──────── Record extracts
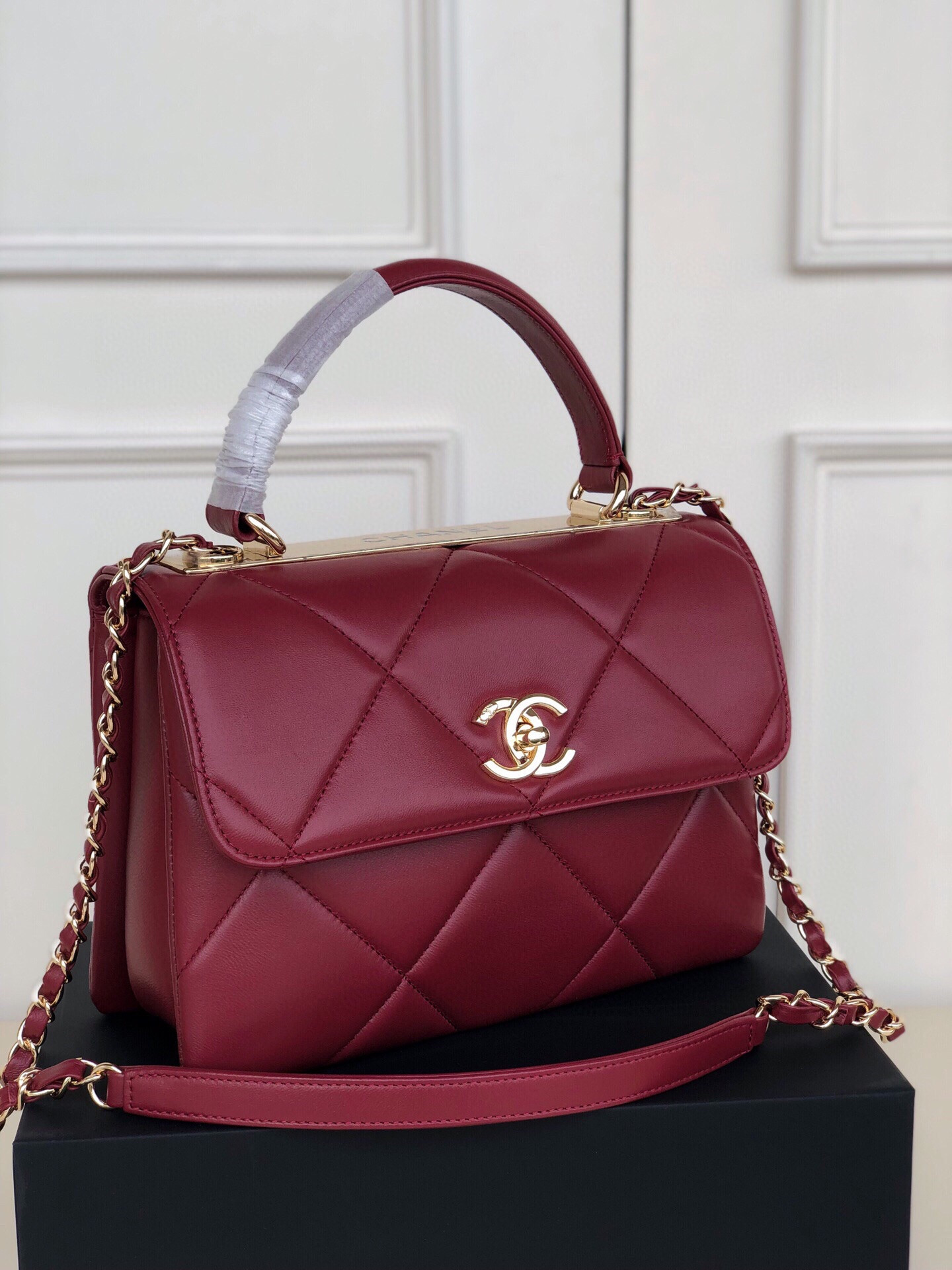 Ch*el flap bag with top handle 6.6 × 9.8 × 4.7 in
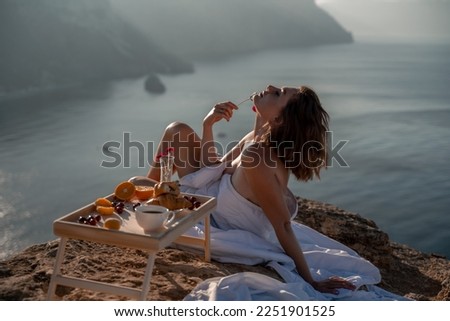 Woman wake up in bed wuth duvet and pillow over nature sea background outdoors. Back view. Good morning. Freedom concept.
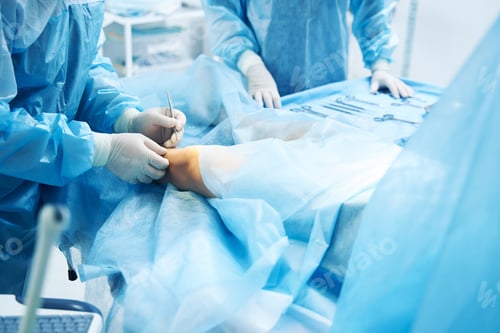 Preview: Hands of professional doctor holding surgical tool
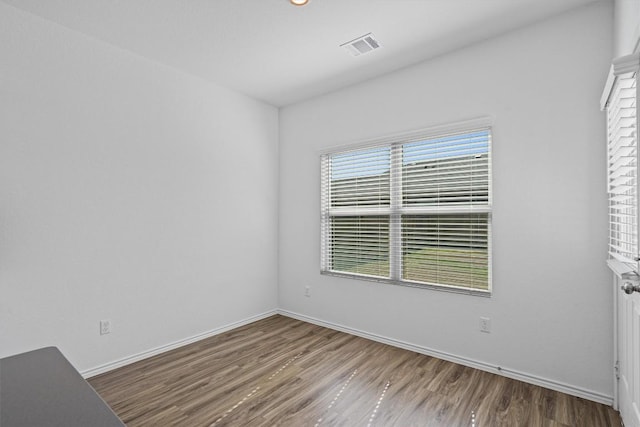 unfurnished room with baseboards, visible vents, and wood finished floors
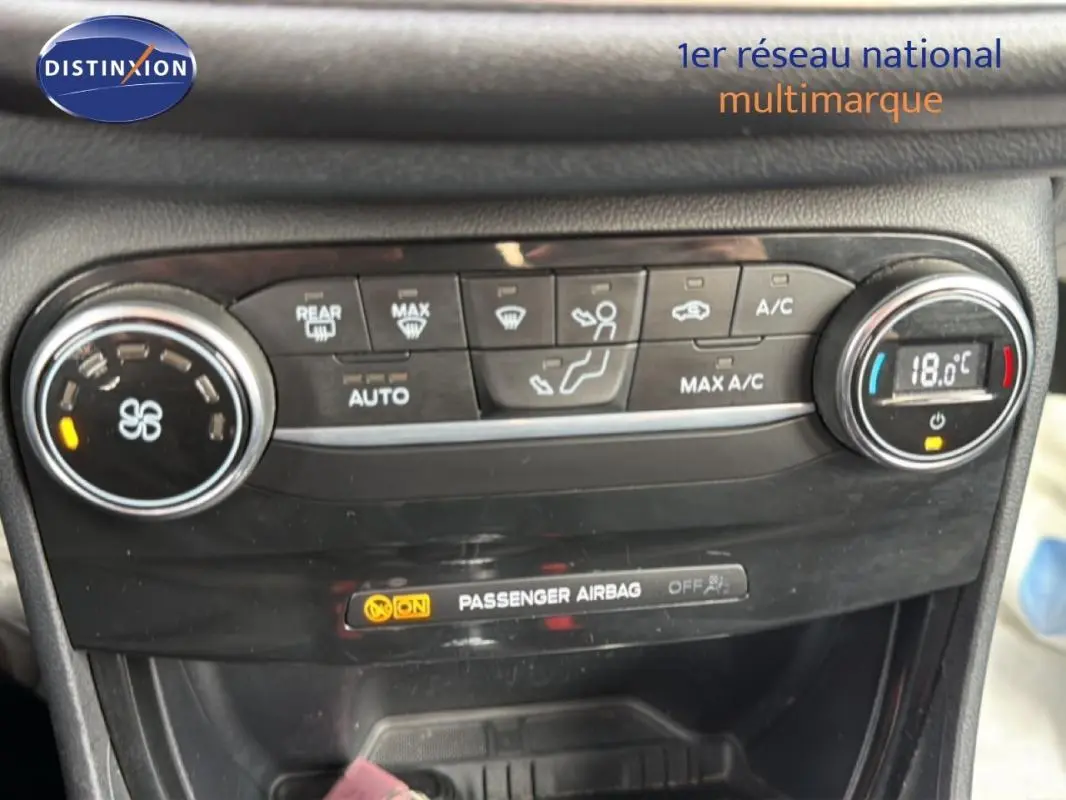 Gros plan sur la console de climatisation noire du Ford Puma blanc, affichant 18°C et commandes tactiles.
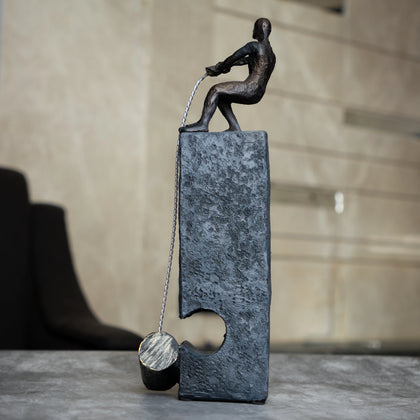 Bronze pulling figure sculpture on textured charcoal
────────────────
Assignment - Please transcribe exactly the lines from the one containing "unfurnished room with" through the final line of the data, including both, and nothing else. Pictures are to be left out.

Answer box -
 unfurnished room with baseboards, visible vents, and wood finished floors
 Gros plan sur la console de climatisation noire du Ford Puma blanc, affichant 18°C et commandes tactiles.
 Bronze pulling figure sculpture on textured charcoal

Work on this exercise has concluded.